Who Harasses Women on the Street
It’s getting to the point where I can feel it in my posture. The inevitability of street harassment makes my shoulders tense up before I even leave my house. I don’t make eye contact on the street, ever, but especially with men. I wear headphones all the time anyway, but because of them, I probably don’t hear things that are said to me when I’m walking, for better or worse. None of these things stop street harassment, of course, but at least it makes it easier to get where I need to go.
Recently, photographer Hannah Price used her camera to document the faces of men who street harass, taking a picture of them in the moment immediately following their catcall. In an NPR interview Price remarked, “Just turning the photograph on them kind of gives them a feel of what it’s like to be in a vulnerable position…. It’s a different dynamic — but it’s just another way of dealing with the experience, of trying to understand it.”
Of the 17 photographs in Price’s project, 15 depict men of color. Said Price, who is herself Mexican and black, “I think a given thing, especially for an urban community… it’s more just an experience that I had, and a way for me to deal with it.” While Price’s photographs are a record of her experience, it should be noted that men of color are not the only men who street harass.

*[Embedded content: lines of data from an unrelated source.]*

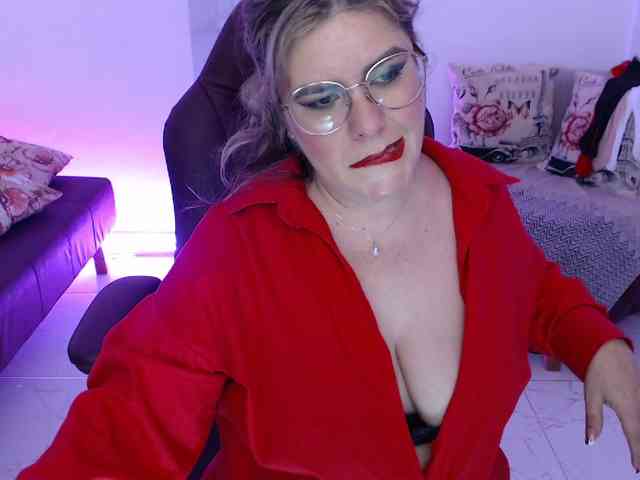Diva-Hot82 webcam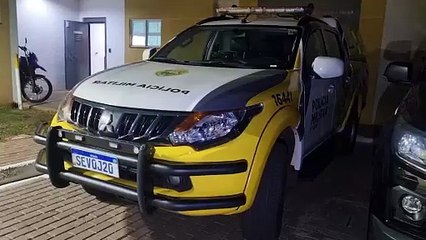 Homem é detido por embriaguez ao volante após colidir com veículos estacionados na zona norte de Cascavel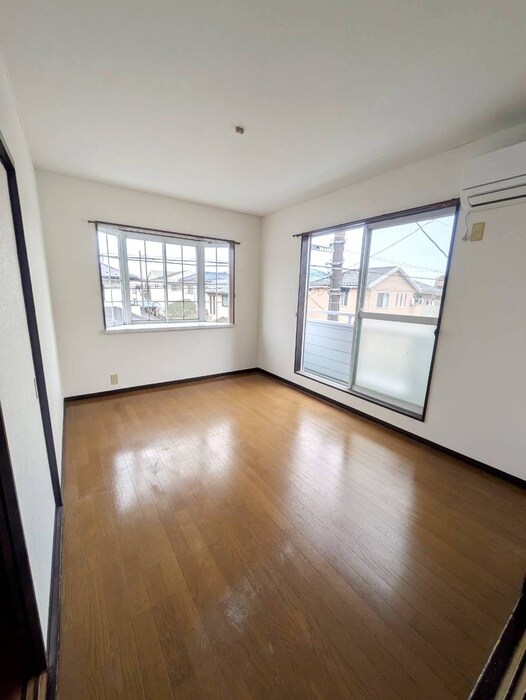 物件内観写真14　(室内からの展望)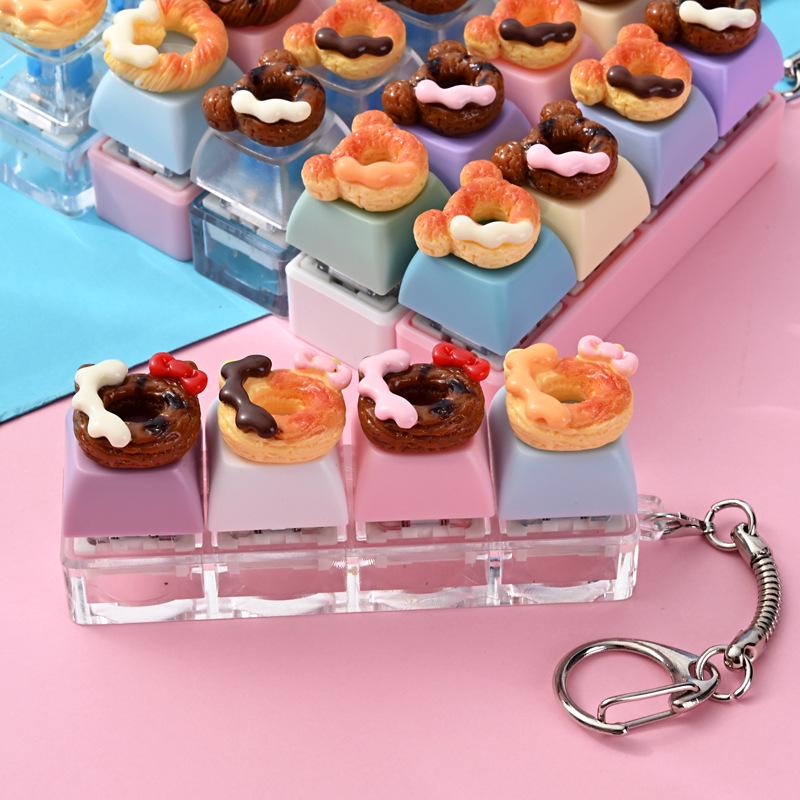 Popular Teddy Bear Love Keychain: Novelty Decompression Pendant for Stress Relief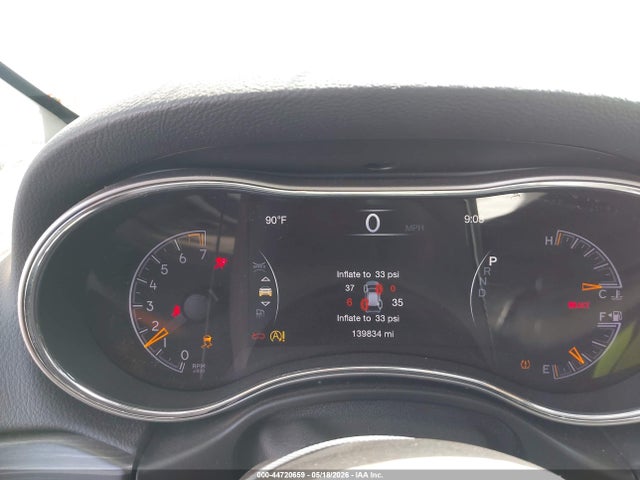 Продаж на аукціоні авто 2019 Jeep Grand Cherokee Laredo E 4x4, vin: 1C4RJFAG9KC784229, номер лоту: 44720659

Racism has taught me that as a white woman, I should treat every man of color as though he is a potential predator. I should hold my bag tighter when a black man, or any man who is not white, is walking towards me on the street. I do this. When I’m walking home from the subway at night, I cross back and forth, from one side of the street to the other, something I vaguely remember being told to do.
White men, on the other hand, are supposed to come to my rescue. If I’m taking the train home alone at night, I should look for white men in the car. They will save me if someone sketchy approaches. (There’s also, notably, a trope in which lecherous Jewish men attack and rape genteel, virginal Christian women.)
But I have been harassed by several white men, too. I could make you a map of everywhere it’s happened — in Times Square, where one white, business suit clad man in a crowd of other white, business suit clad men, licked his lips and thrust his pelvis at me as I passed. The elevator on my college campus, where I was surrounded by white men who crept closer and closer to me, laughing, until the doors opened and I ran out.
The act of street harassment isn’t confined to a neighborhood, a culture or a race — it’s something that all men are socialized to believe is an acceptable means of asserting masculine power. It’s entrenched in the idea that women’s bodies are public property, to be commented on and assessed openly, without consent or consideration.
Every time we dismiss a woman’s experience with street harassment, tell her to “think of it as a compliment,” laugh at it, participate in it ourselves, or decide that it does or does not happen in a particular neighborhood or country or community, we’re allowing it to continue. (“Those people do it; they’re worse, they’re poor, they’re brown. Don’t walk down that street and it won’t happen to you.”)
The other night in the subway, there was a young, white man standing too close to me on a not-so crowded platform. I had headphones on, but as I turned and walked quickly away, I could hear him yelling, “I don’t know what you’re getting so freaked out about!”
I don’t regret walking away — my instincts told me that I should — but on the ride home, I thought about how street harassment has changed my relationship with every — yes, every — man I see. It’s created a deep suspicion and fear. In a very real way, it erodes our ability to behave humanely towards one another in public.